(Scraped caption text data)
....................

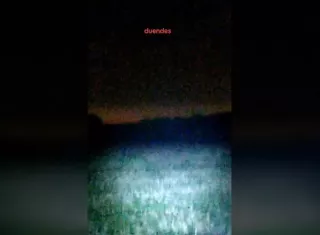 El video fue filmado de noche en una parte de un bosque con un campo abierto.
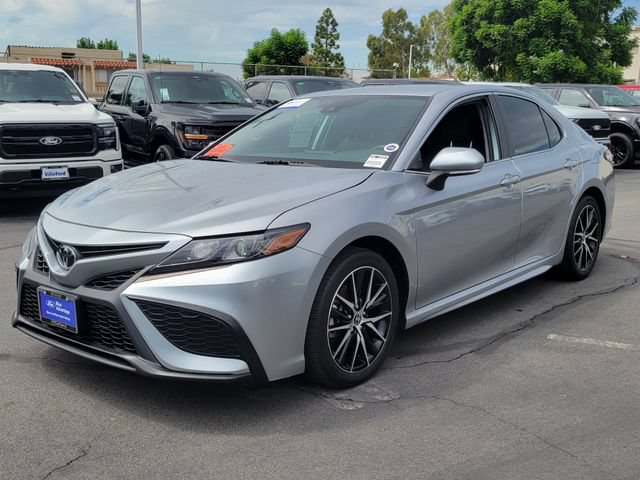 Used 2024 Toyota Camry SE FWD image 30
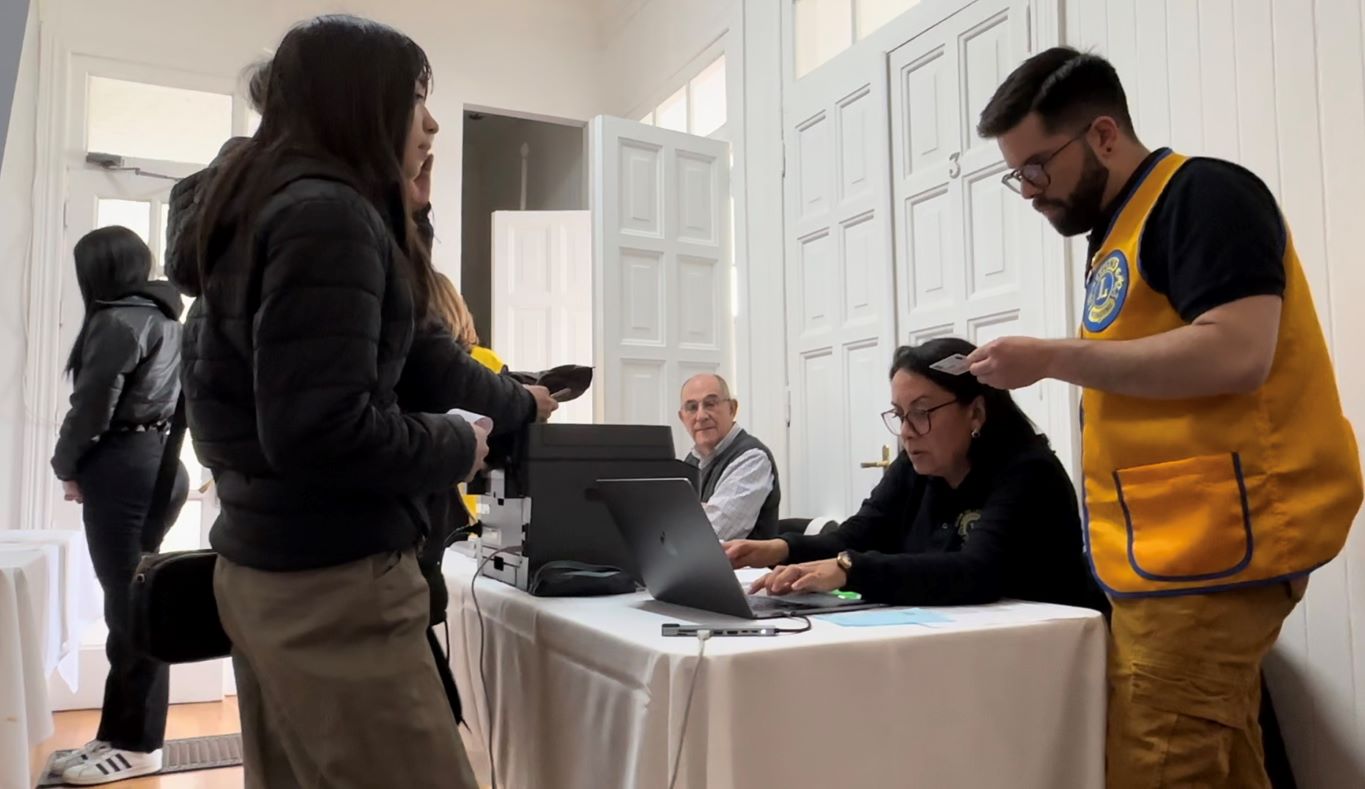 “Estamos fomentando la solidaridad mientras se cuida la salud visual” | José Ignacio Blanco, presidente del Club de Leones Punta Arenas y primer operativo oftalmológico 2024 – 2025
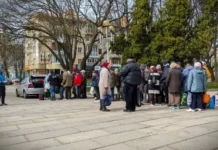 У центрі Рівного більше не роздаватимуть безкоштовні обіди: причина у центрі Рівного більше не роздаватимуть безкоштовні обіди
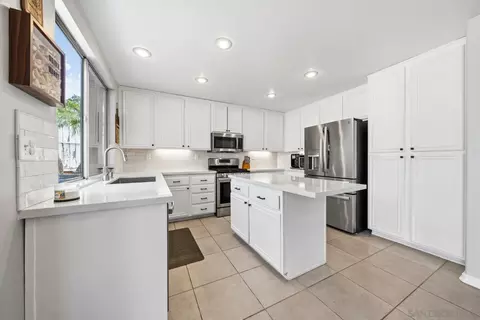 Kitchen - 44780 Corte Sanchez, Temecula, CA 92592 photo 3 of 3
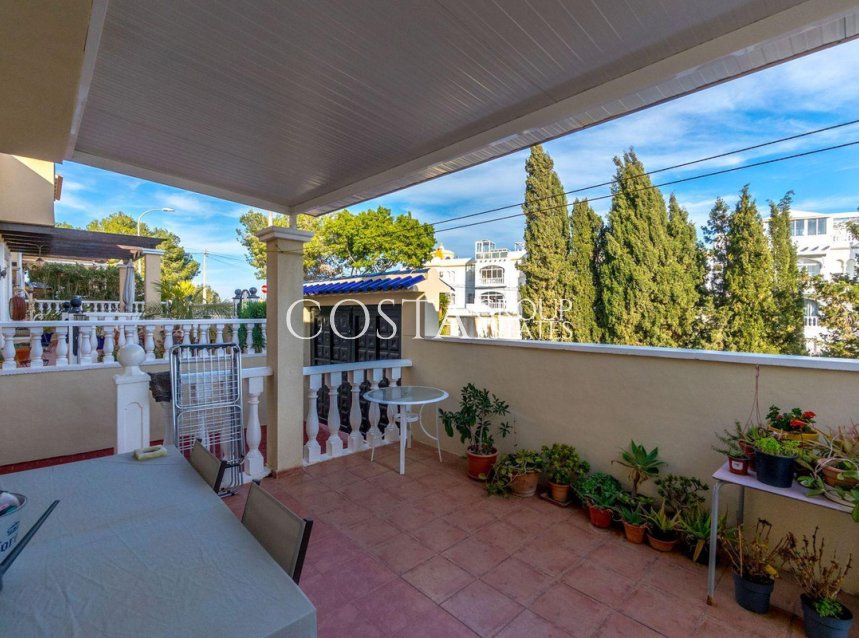 Herverkoop - Villa -
Orihuela - Orihuela Costa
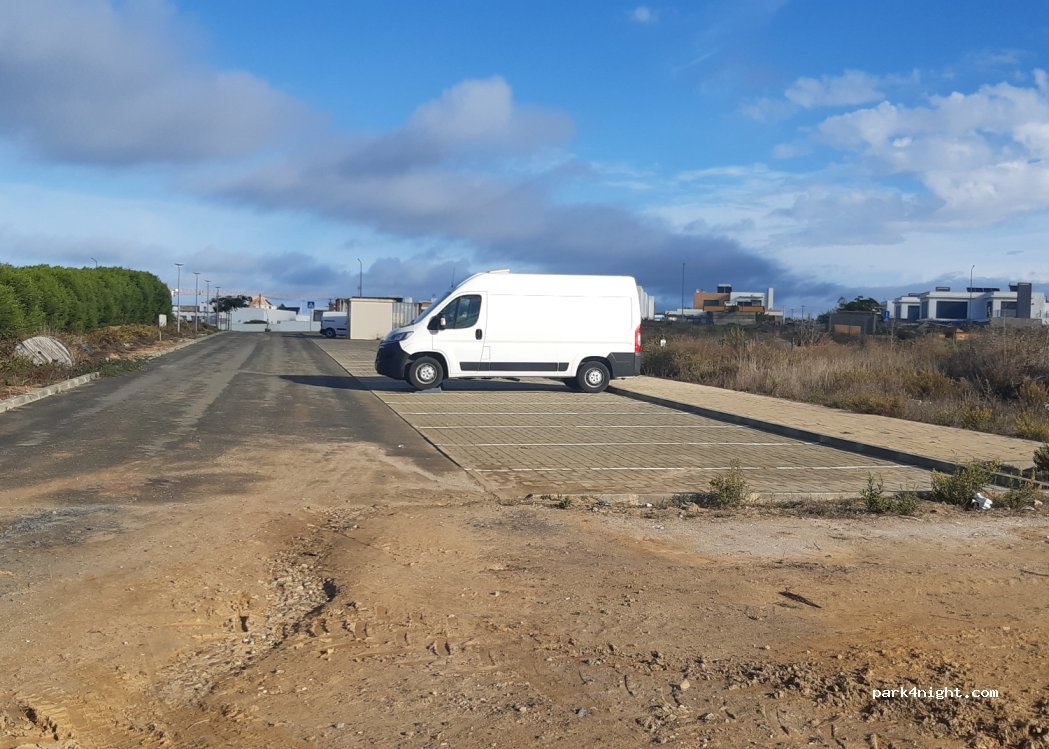 (7520) Sines - 11 Rua Vitalina da Silva — foto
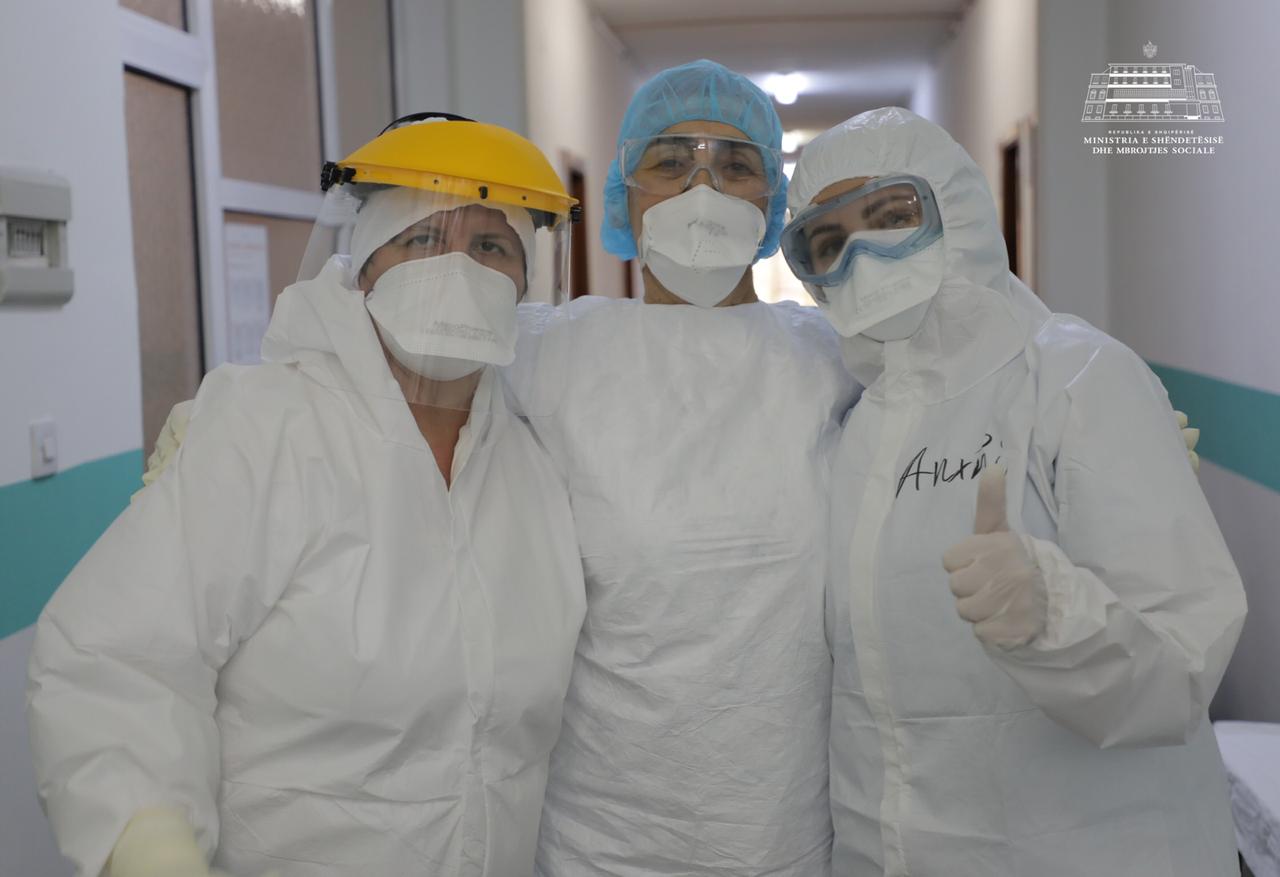Shërohen 3 infermierë dhe 7 pacientë me Covid-19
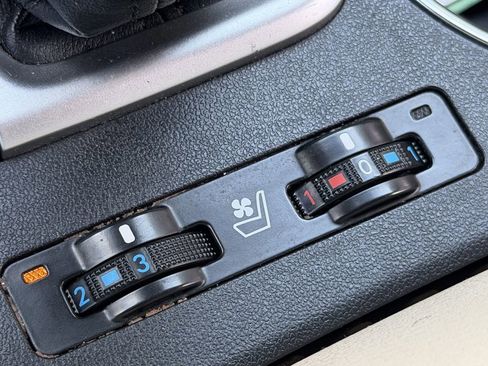 Used 2015 Toyota Highlander Limited image 22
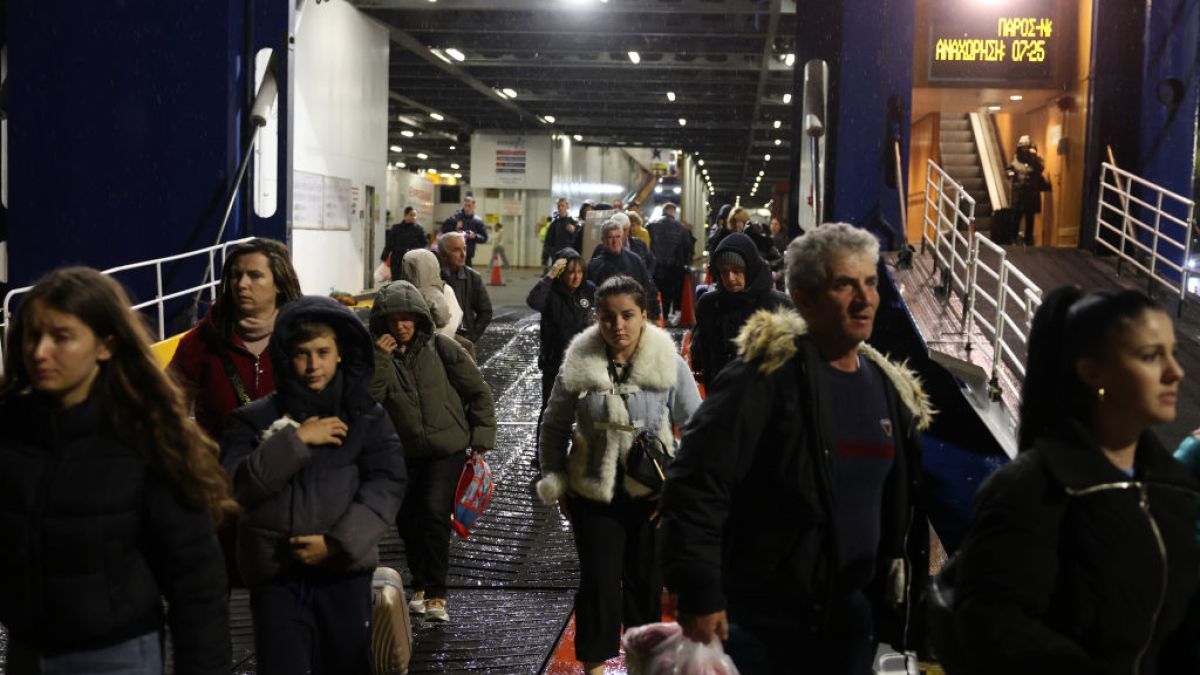 Mieszkańcy i turyści w pośpiechu opuszczają Santorini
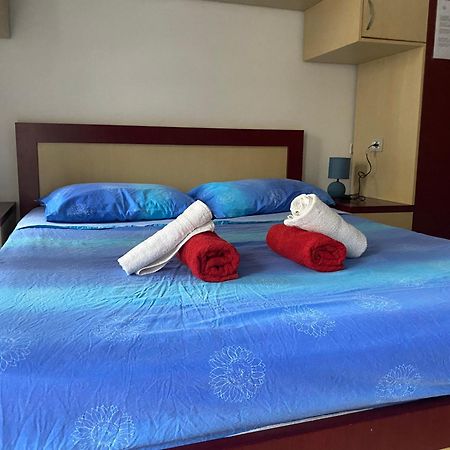 Home Sweet Home - Guest House Yzberish Экстерьер фото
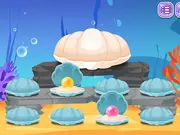 Blonde Sofia: Underwater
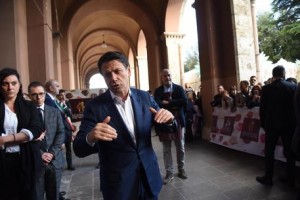 Manovra, Conte: &#039;Chi non fa squadra è fuori dal governo&#039;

....................

Exclude the pictures. Write out the remaining data exactly.

REPLY ::
 El video fue filmado de noche en una parte de un bosque con un campo abierto.
 Used 2024 Toyota Camry SE FWD image 30
 “Estamos fomentando la solidaridad mientras se cuida la salud visual” | José Ignacio Blanco, presidente del Club de Leones Punta Arenas y primer operativo oftalmológico 2024 – 2025
 У центрі Рівного більше не роздаватимуть безкоштовні обіди: причина у центрі Рівного більше не роздаватимуть безкоштовні обіди
 Kitchen - 44780 Corte Sanchez, Temecula, CA 92592 photo 3 of 3
 Herverkoop - Villa -
Orihuela - Orihuela Costa
 (7520) Sines - 11 Rua Vitalina da Silva — foto
Shërohen 3 infermierë dhe 7 pacientë me Covid-19
 Used 2015 Toyota Highlander Limited image 22
 Mieszkańcy i turyści w pośpiechu opuszczają Santorini
 Home Sweet Home - Guest House Yzberish Экстерьер фото
 Blonde Sofia: Underwater
 Manovra, Conte: &#039;Chi non fa squadra è fuori dal governo&#039;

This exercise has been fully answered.